Die ersten Handelsunternehmen in Deutschland haben den Zeitgeist erkannt und mit Pilotprojekten reagiert: So hat Netto Marken-Discount 2013 in insgesamt 500 süddeutschen Filialen drei Tage lang Äpfel und Möhren angeboten, die kleine optische Schönheitsfehler aufwiesen. Das Projekt trug den Namen: „Keiner ist perfekt“, die Produkte wurden rund ein Viertel günstiger verkauft. Ob und wie das Projekt fortgesetzt wird, ist allerdings noch nicht entschieden.
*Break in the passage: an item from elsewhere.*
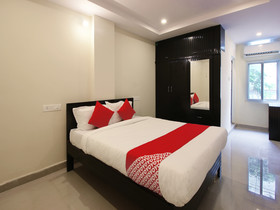 Sri Vinayaka Grand by OYO Rooms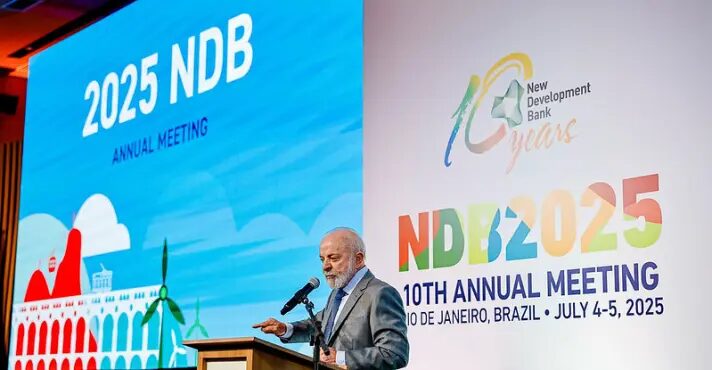 Lula critica ONU por conflito Israel-Palestina e defende moeda comum para o Brics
Die Rewe hat im Herbst des vergangenen Jahres ein Herz für kleine Äpfel gezeigt, speziell solche, die aufgrund der kühlen Witterung im Frühjahr und Sommer 2013 kleiner als sonst gewachsen waren. Das Unternehmen bewertet die Aktion als „vollen Erfolg“, sowohl für die deutschen Kunden als auch für die Obstbauern, die Kunden und die Umwelt. Über weitere Pläne zur Vermarktung von Früchten mit Schönheitsfehlern ist derzeit aber nichts zu erfahren.

Händler aus der Bio-Branche sind schon weiter als der traditionelle Lebensmittelhandel in Deutschland. Maja Leuchtenberger, Marketingleiterin bei der Berliner Bio-Company, weist auf ein Projekt hin, bei dem „Schräge Schätze“ verkauft werden.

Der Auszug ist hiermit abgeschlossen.